EXCELLENCE — much too subjective.
FALSE FINGERNAILS — or whatever the term is — those inches long appendages that require the most peculiar accommodation when using a keyboard of any sort. Fascinating to watch but how does one do up buttons and zippers?
GRIT — true grit or not, we’re all just doing our best here.
HEALTHFUL — not the aspiration, just the word.
IMAGE — What’s with all these makeovers and the idea that `ordinary human’ is not a good enough image? And have all those super-groomed and shiny ladies in the audiences of afternoon talk shows been selected out from the grotty rest to sit in the front or what? And if women’s magazines are really about women why do they nag so much? Nagging you can get anywhere.
JUNK — We’ve got so much there are whole stores devoted to storage devices — and, of course, consultants.
KITSCH — see above.
LABOUR — as seen on TV. Is it just me or does anyone else really not want to peer into some other women’s `space’ as her baby arrives? What kind of message does this send to the child? Do they automatically assume celebrity in their own minds? If so, try telling that child `No’!
MARKET — as a verb e.g. `You must market yourself’. Do you want to work for a company that believes you are really for sale? And if you are, do you really want to work for a company that would buy you?
NONSENSE — No one appears to appreciate this exquisite form of humour.
OPERA SINGERS — Whatever happened to the fat lady?
PRETENSION — Keeping Up Appearances was a comedy programme from Britain.
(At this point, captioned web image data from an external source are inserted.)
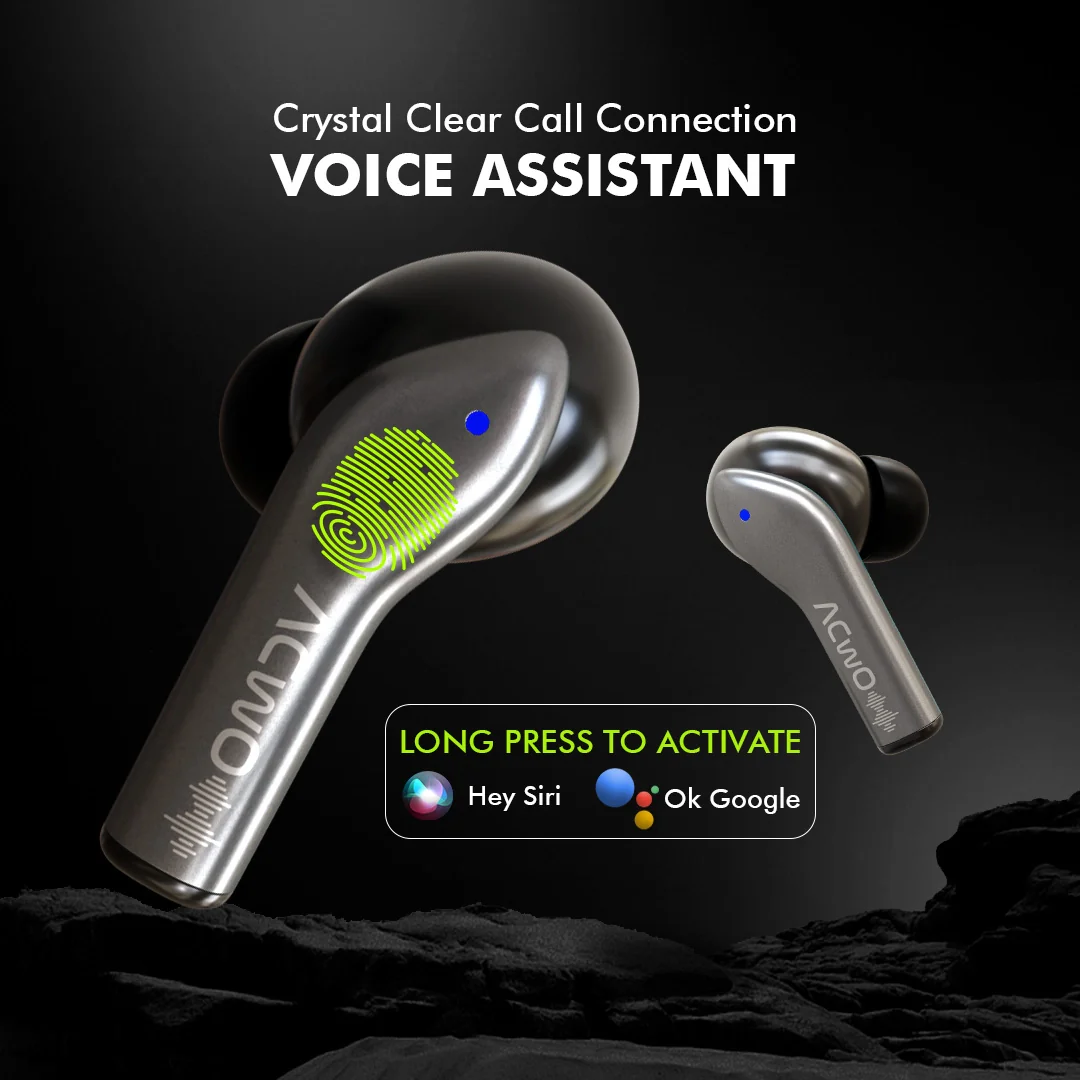 DwOTS 545 Earbuds - Image 35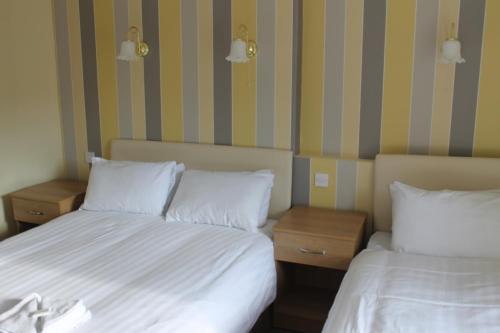Baytree Hotel - image 7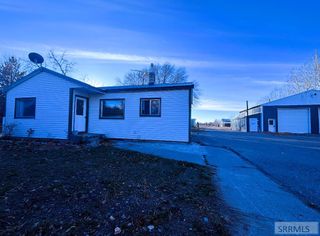 279 N 4100 E, Rigby, ID 83442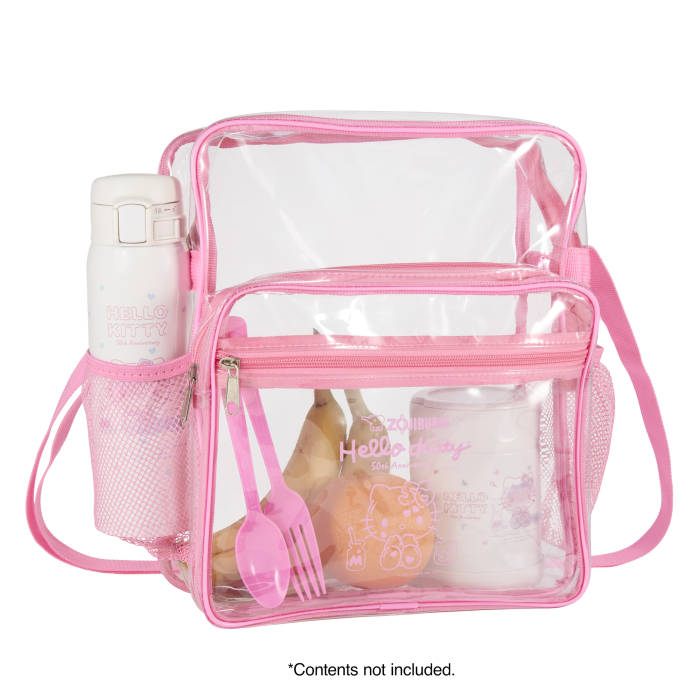 HK Tote 2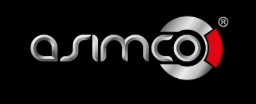 asimco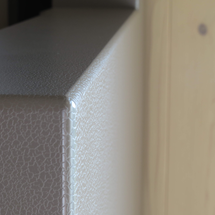 © Familie Boschert / Designferienhaus Brennküch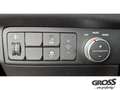 Kia Soul Spirit 1.6 GDI Navi Soundsystem Klimasitze DAB Amb Blau - thumbnail 19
It’s not a Way of Life.
QUESTIONS — I have no answers nor has anyone else. Leave them be.
RUSHING — Not only can you not have it all, you can’t do it all. Savour the moment for once.
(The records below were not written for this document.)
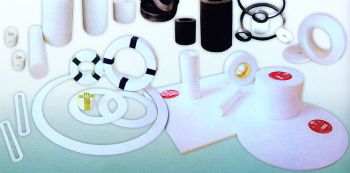 PTFE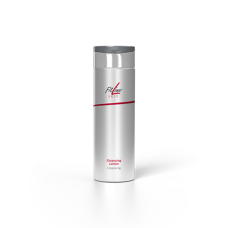 Очищающий лосьон для лица Cleansing Lotion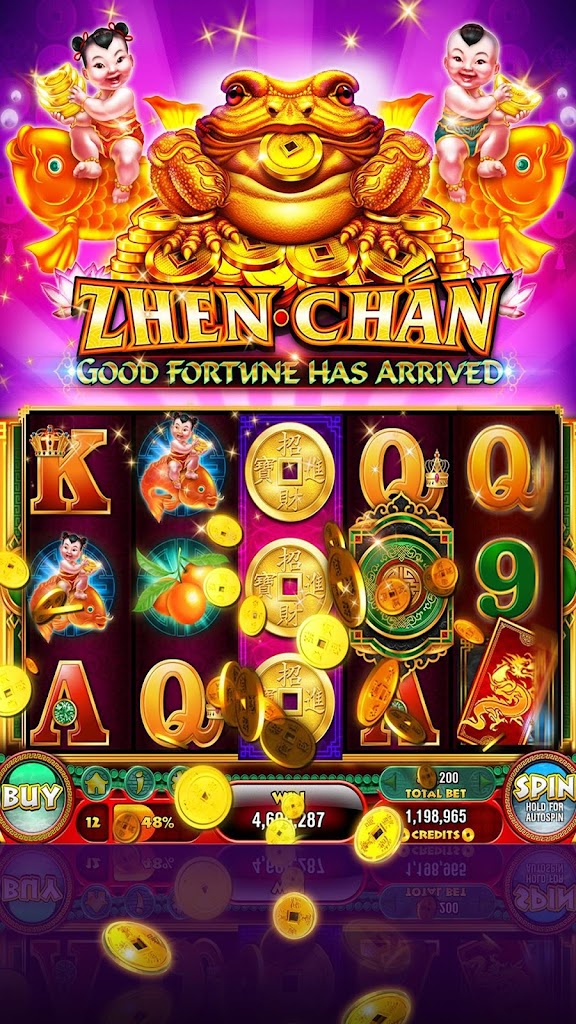 Live Online Backgammon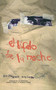 El búfalo de la noche (Night Buffalo) (Spanish Edition) by Guillermo Arriaga, 9780743286664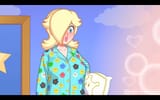 (new)(new)qs4Y2rFJTh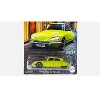 MATCHBOX 1968 CITROEN DS21 PALLAS EUROPEAN STREETS 2024 - 2 of 2
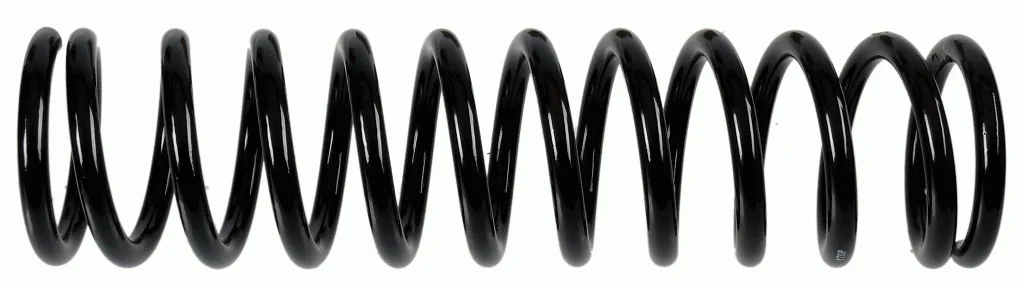 motora-620260630194027532914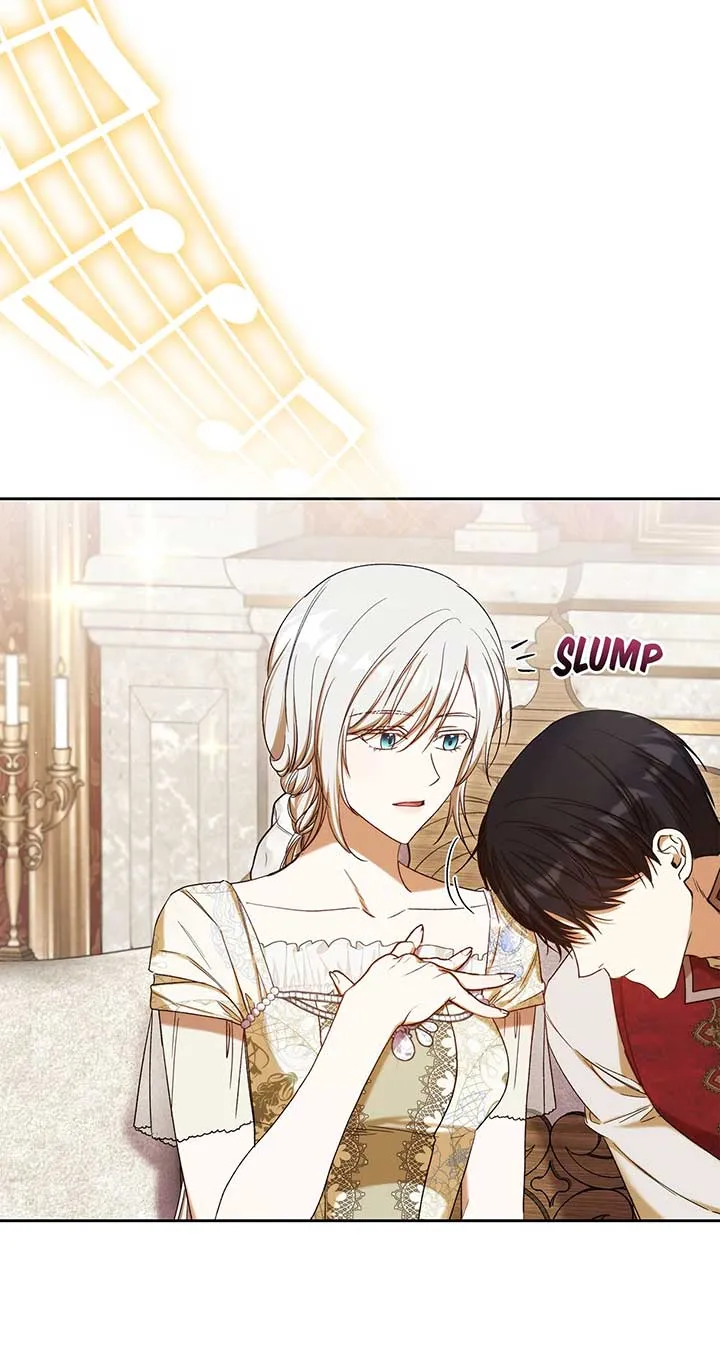 I Became the Greatest Heiress of the Empire Chapter 48 Online - página 68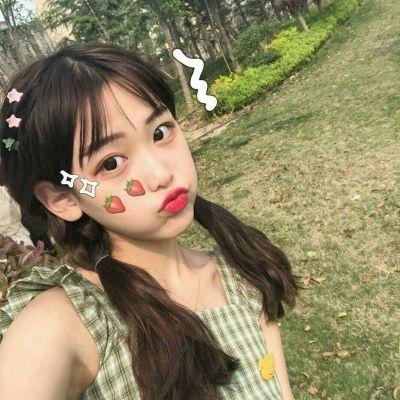 私人课程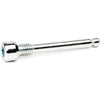 Elvedes bevestigingsbout M4x27 (10) - AE-trading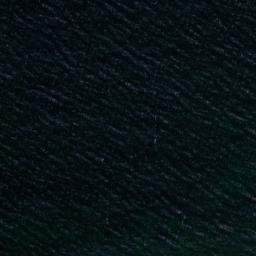 Satellite imagery of Toter Kerl, DE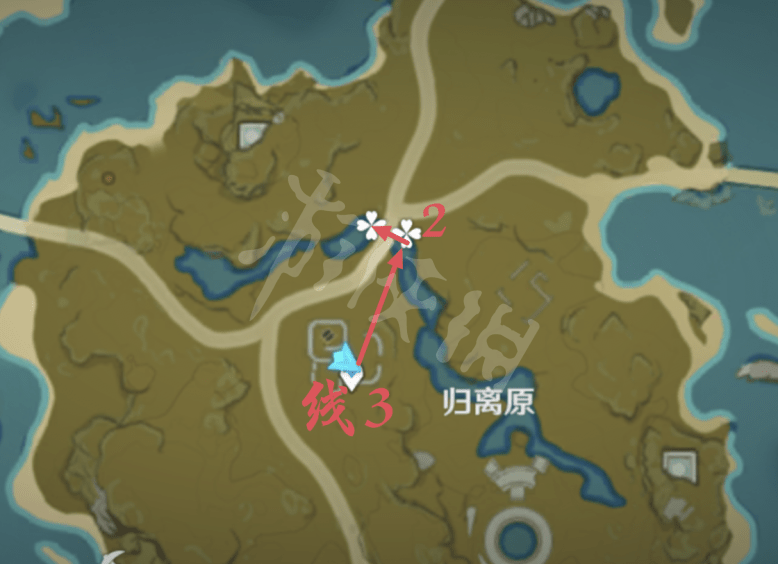 影之诗联动赛马娘 影之诗赛马娘联动介绍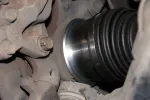 image of quality used vehicle for sale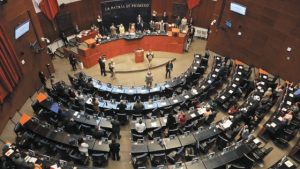 Senado-aprueba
SLAVERY — Too big an issue for a whinge. The economic belief system’s faith in the gods called Market Forces that will look after all — both the weak and the strong — has resulted in the vast majority of the world’s working population being enslaved to some extent. If you are in a job that requires unpaid overtime, you’ll know what I mean. If you can’t get a job because your kind of employment has been `exported’, you’ll know what I mean. If you are making `designer’ togs for pennies a day, you’ll know what I mean. If you live and work in a `Free Trade Zone’ (unprotected work camp generally — look it up), you’ll know what I mean.
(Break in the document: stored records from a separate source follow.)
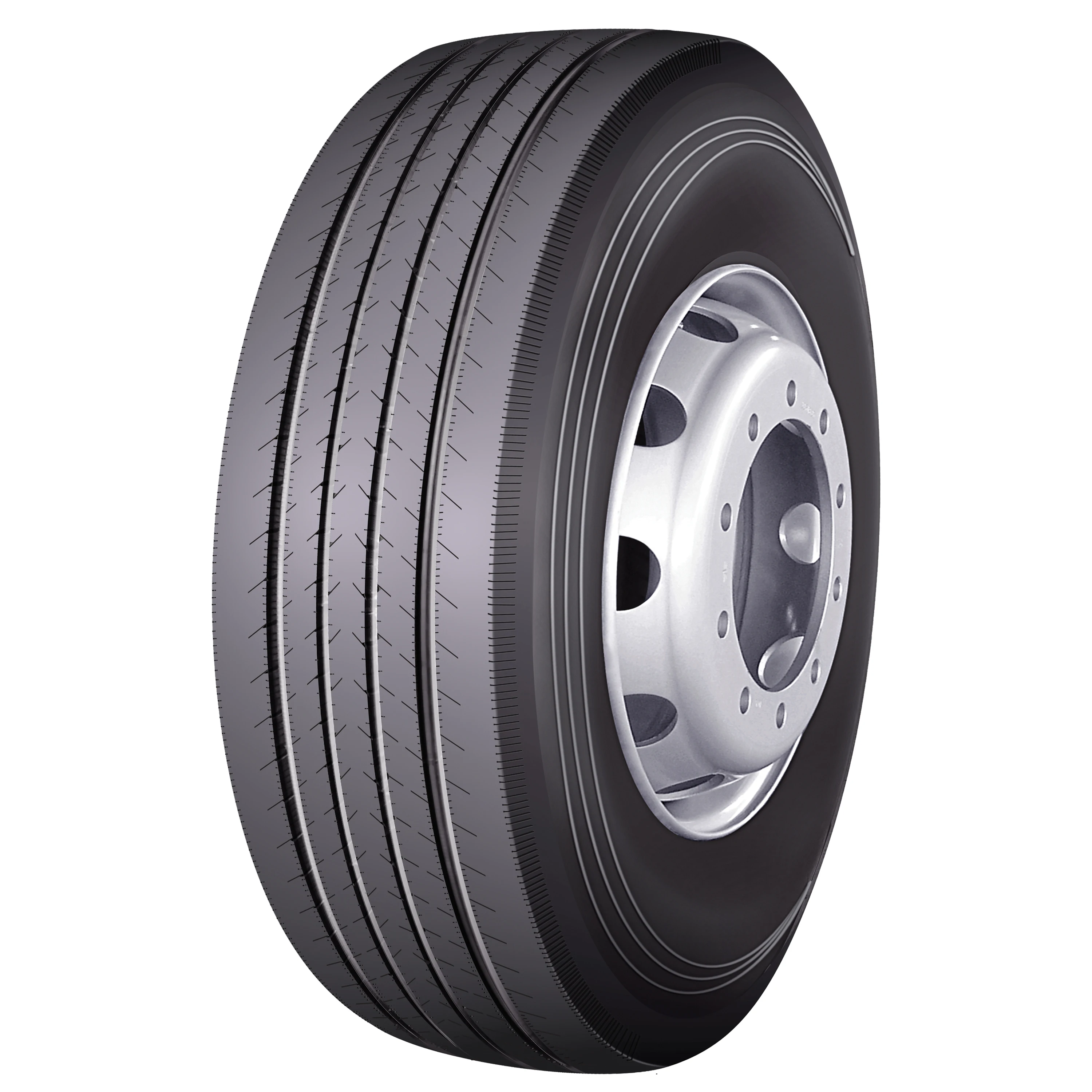 顶级品质朝阳longmarch轮胎 315/60r22.
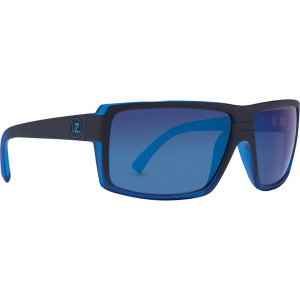 Snark Sunglasses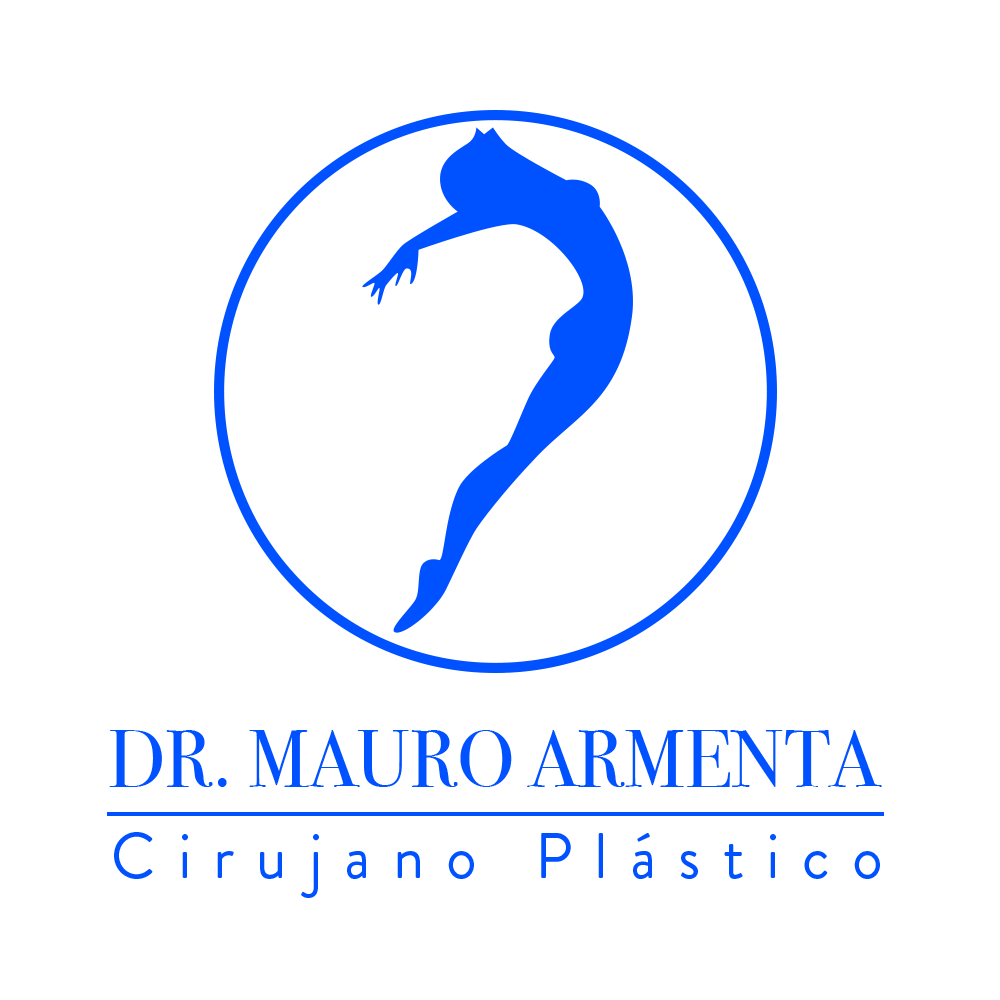 logo mauro.png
T&A — What was the point of feminists such as myself working to gain control of our bodies, in legislation at least, when girls have been brainwashed to believe that control means using the male view of women as the norm?
UNNECESSARY VIOLENCE — I no longer watch hockey.
VANITY — I’m just jealous really.
WASTE — `Waste not, want not’ was a favourite saying in my childhood and I still can’t stand to see anything wasted. (Also refer `Junk’ above.)
X-RAYS — I couldn’t think of anything else. Besides, I’ve been sick.
YUMMY MUMMIES — There’s something necrophiliac about that term. Is it just me?
ZIPPERS — Give me elastic waists any day.
*Thanksgiving and Hallowe'en are both in October in Canada. We just like to get things over before the snow.
Born and raised in a small Ontario town that became a large bedroom community post-war, Pat Beurteaux began her career as a primary school teacher, a career that permitted her to travel to Australia as a `working holidayer' in the mid-60s. At that time any British Commonwealth citizen could travel and work in any other Commonwealth country under certain conditions; a good deal of fun was had by all.